Parmi ces militants, Nicolas fait à 19 ans la rencontre, au cours une soirée étudiante, d’un président d’association. "On a échangé nos numéros et c’était parti pour une relation de quelques mois." C’est là que se posent pour lui les premières questions sur une suite, même très hypothétique, de sa vie familiale. "Coucher est une chose, entrer en relation sérieuse est une autre, parce que forcément, en couple, il va falloir assumer un moment donné devant tout le monde et notamment la famille. Donc là, on réfléchit aussi à est-ce que je vais pouvoir fonder une famille ? Comment ça va se présenter ?" Des questions sur lesquelles, dans les années 2000, les perspectives son encore très réduites : pas de mariage, pas d’adoption. Les homos doivent se contenter du Pacs durant près de quinze ans. 
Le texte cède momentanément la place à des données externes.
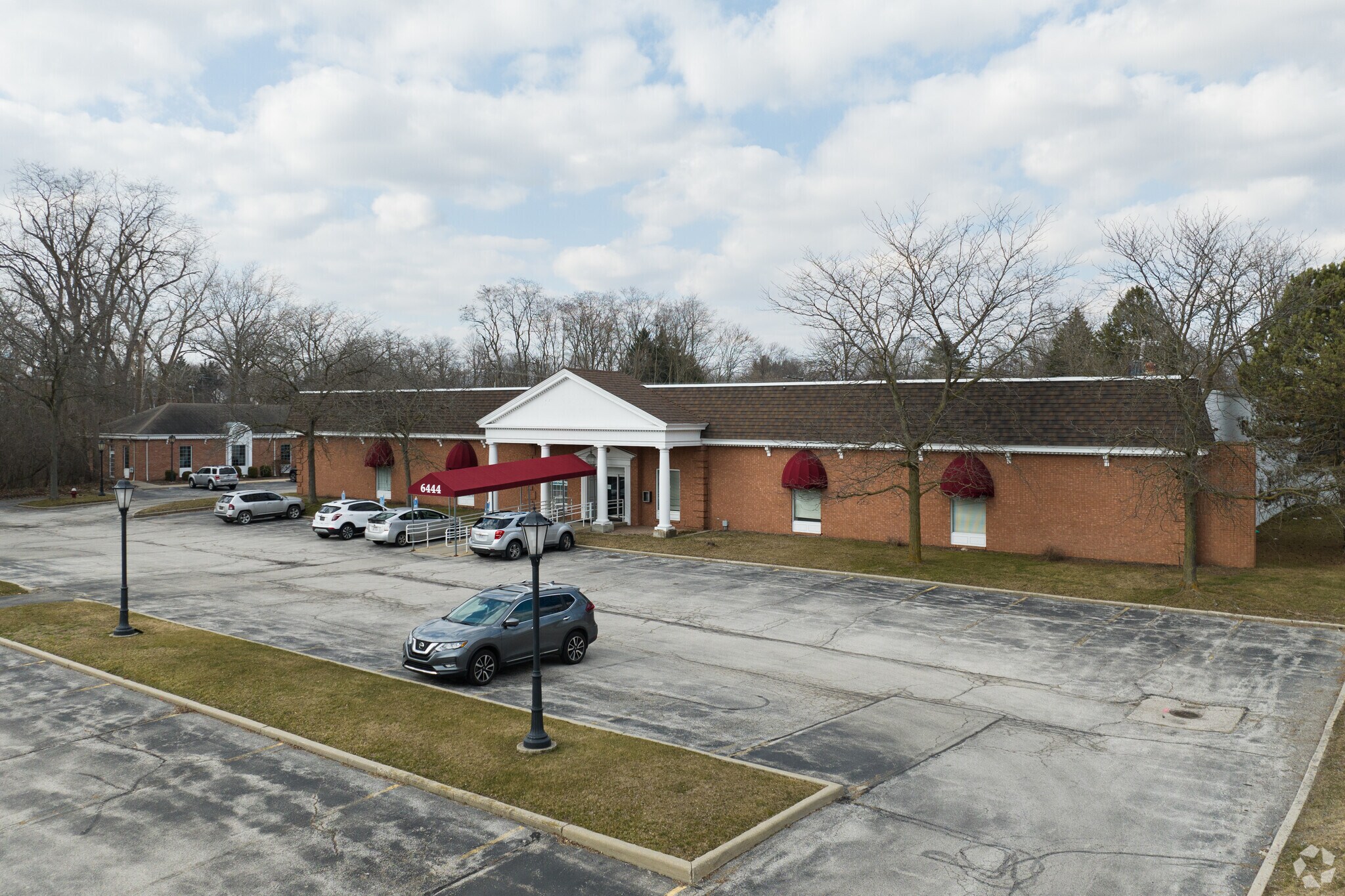 6444 Monroe St, Sylvania, OH à vendre Photo du bâtiment- Image 1 de 6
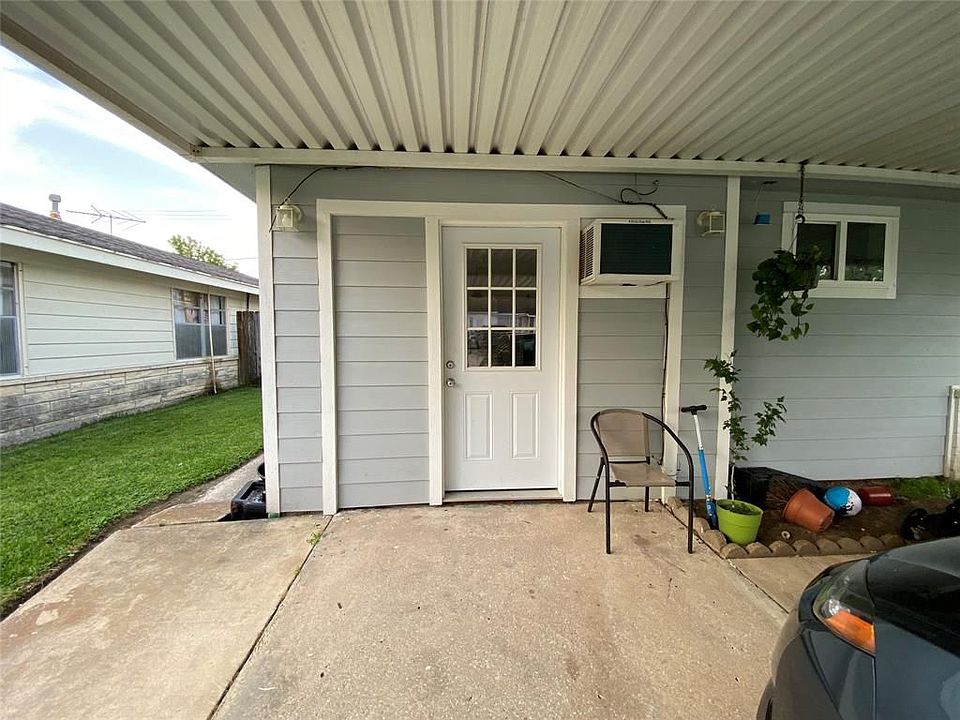 1st image of 1100 Wright Blvd #B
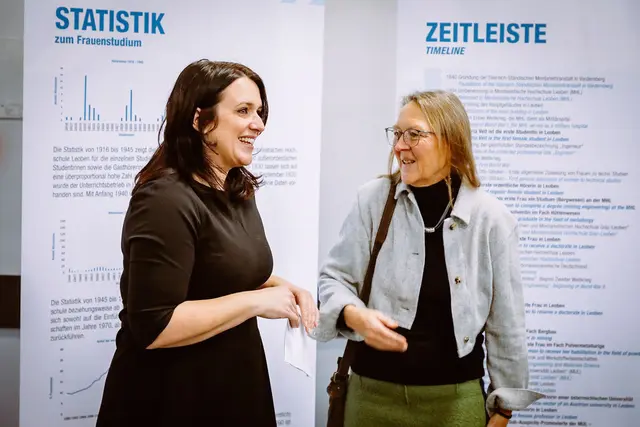 Viele interessierte Montanistinnen ließen es sich nicht nehmen, die Ausstellung als Erste zu besuchen. | Foto: Armin Russold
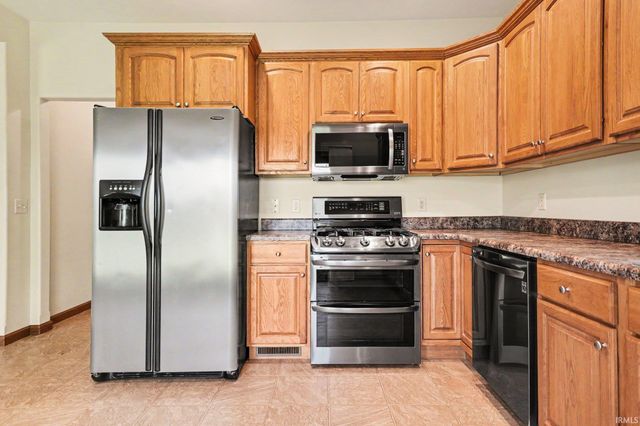 2802 E Saint Andrews Road, Winona Lake, IN 46590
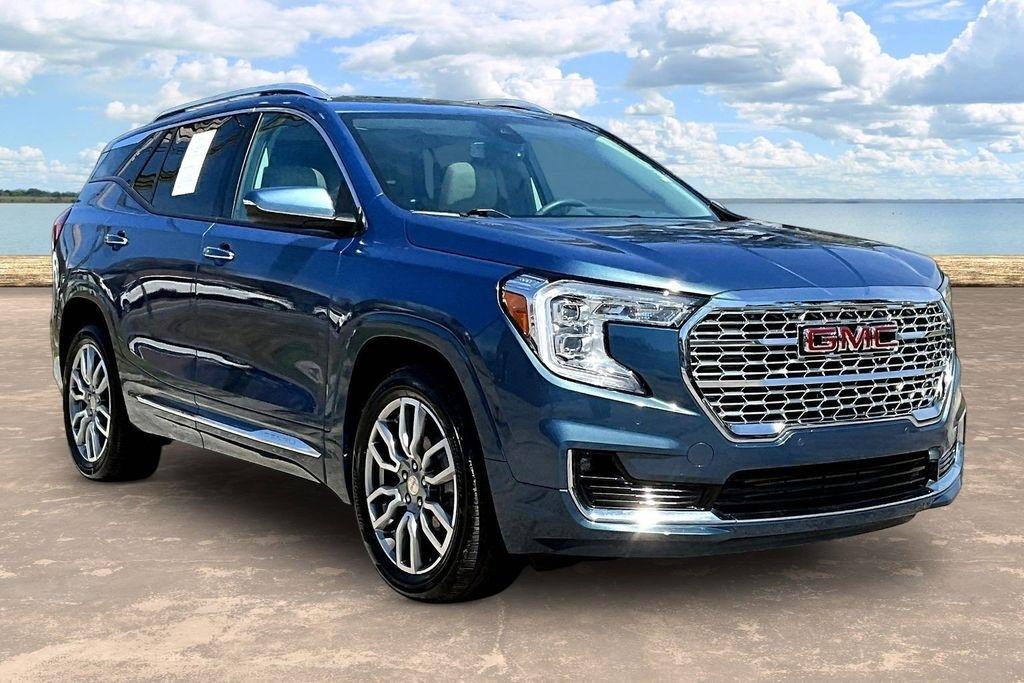 2024 GMC Terrain Denali AWD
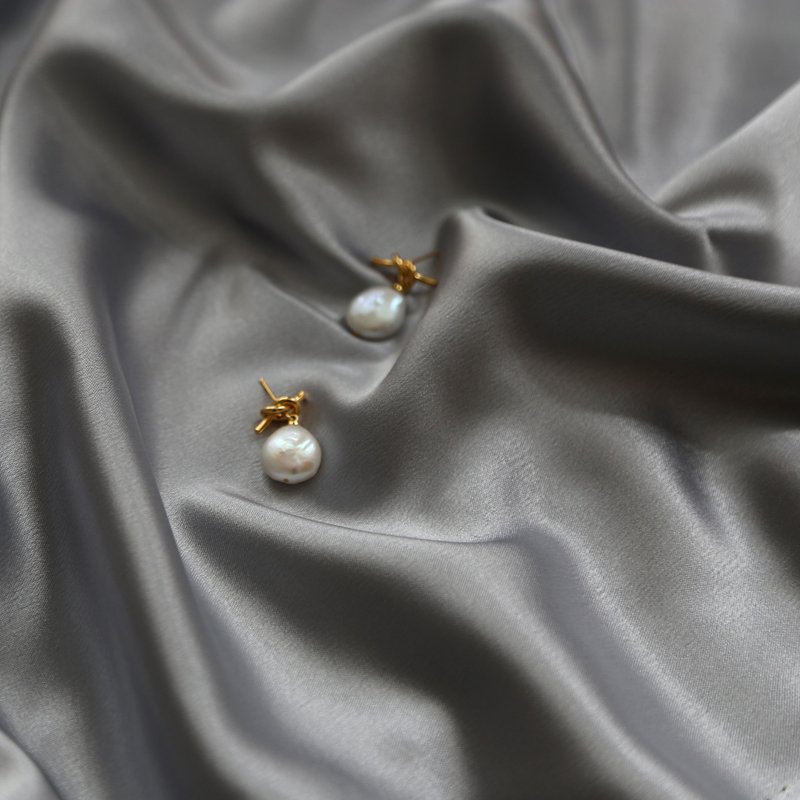 CADA DIA / Bow Natural Baroque Pearl Earrings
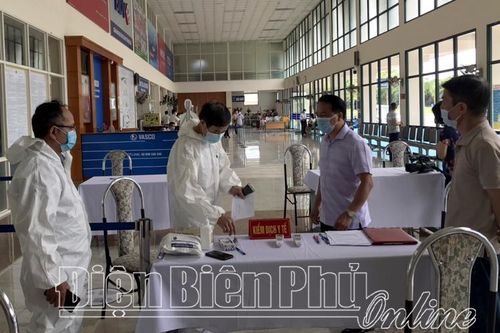 Lãnh đạo Sở Y tế kiểm tra công tác phòng chống dịch và tặng quà trẻ em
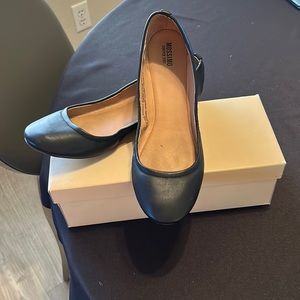 Mossimo black flats size 8.5.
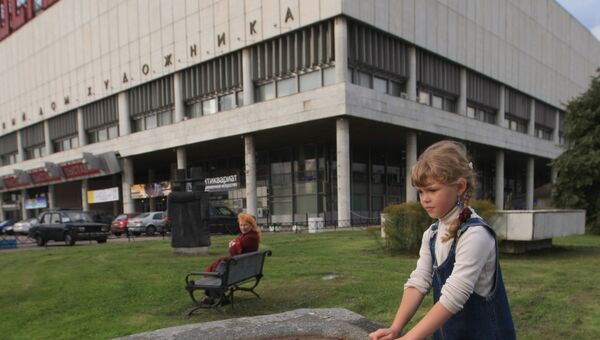 Судьба ЦДХ на Крымском валу решена - здание будет снесено Судьба ЦДХ на Крымском валу решена - здание будет снесено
Britney, Katy Perry, Kylie Minogue

À défaut de fonder tout de suite une famille, Nicolas se réconforte à nouveau auprès de ses modèles sur le petit écran ou à la radio. D’abord les Spice Girls, qui l’accompagnent depuis les années 1990. "Il y a toutes ces chanteuses qui sont arrivées avec ce côté empowerment comme Britney Spears, qui a à peu près le même âge que moi, qui a fait des chansons sur le thème 'je suis une femme, je l’assume, je suis une minorité sexuelle qui n’a pas le pouvoir d’ordinaire’. Cela a été mes modèles plus que des personnes qui ont affiché leur homosexualité dans des chansons. Queen, c’était pas ma génération, Bowie non plus. Ce sont ces femmes qui m’ont donné cette confiance et cet empowerment."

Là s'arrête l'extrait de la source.